Meloni si è seduta al tavolo dei 27 con una consapevolezza: se sfuggire ai dazi americani per l’Italia non è impossibile – Trump, in teoria, potrebbe decidere di colpire i beni di Paesi che considera ‘nemici’, risparmiando gli ‘amici’ -, l’eventuale contrattacco di Bruxelles, con l’imposizione di dazi sui prodotti Usa, coinvolgerebbe comunque tutte e 27 le capitali. Nessuno può sfilarsi, anche perché è una decisione che, trattati alla mano, spetta solo alla Commissione.
La partita di Meloni non è semplice. Non tutti sono convinti che sia lei la migliore interlocutrice degli Usa a nome dell’Europa. Un po’ per il protagonismo di alcuni leader. Un po’ per lo scetticismo che, tra i partiti più europeisti – specie liberali e socialisti – resta sulle politiche della destra italiana.
Rispetto all’ala ultra-europeista, la posizione dell’Italia sull’ipotesi di una guerra dei dazi con gli Usa è vicina a quella di Polonia, Nordici e Baltici, più che mai intenzionati a limitare le ire di Trump per non perdere il sostegno degli Usa all’Ucraina. È questa, soprattutto, l’area che spinge per comprare più Gnl e più armi all’America, andando così incontro alle richieste di Washington.

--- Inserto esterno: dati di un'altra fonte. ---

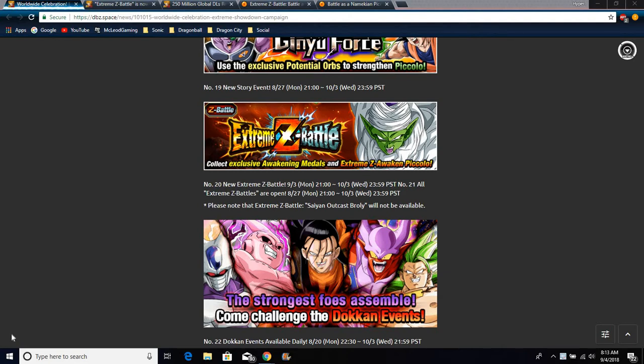Hi everybody, so everyone's favorite Namekian Piccolo is actually getting his EZA today. I totally forgot, I kind of forgot. Yesterday I was like, what am I going to do for a video? I was like, oh yeah, Piccolo's EZA comes out tomorrow night. So that's cool.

Sul fronte militare, l’Italia è più che mai disponibile ad aumentare il suo contributo alla Nato, ma è totalmente contraria al fatto che l’aumento delle spese per la difesa pesi sui bilanci nazionali. E qui Meloni ha avuto assicurazioni da von der Leyen sulla “piena flessibilità”, sempre stando nell’ambito del Patto di Stabilità
Meloni starebbe programmando di essere ricevuta alla Casa Bianca a breve termine. E la Commissaria europea non ha mai nascosto la volontà di incontrare il presidente Trump, ma un bilaterale a breve appare difficile.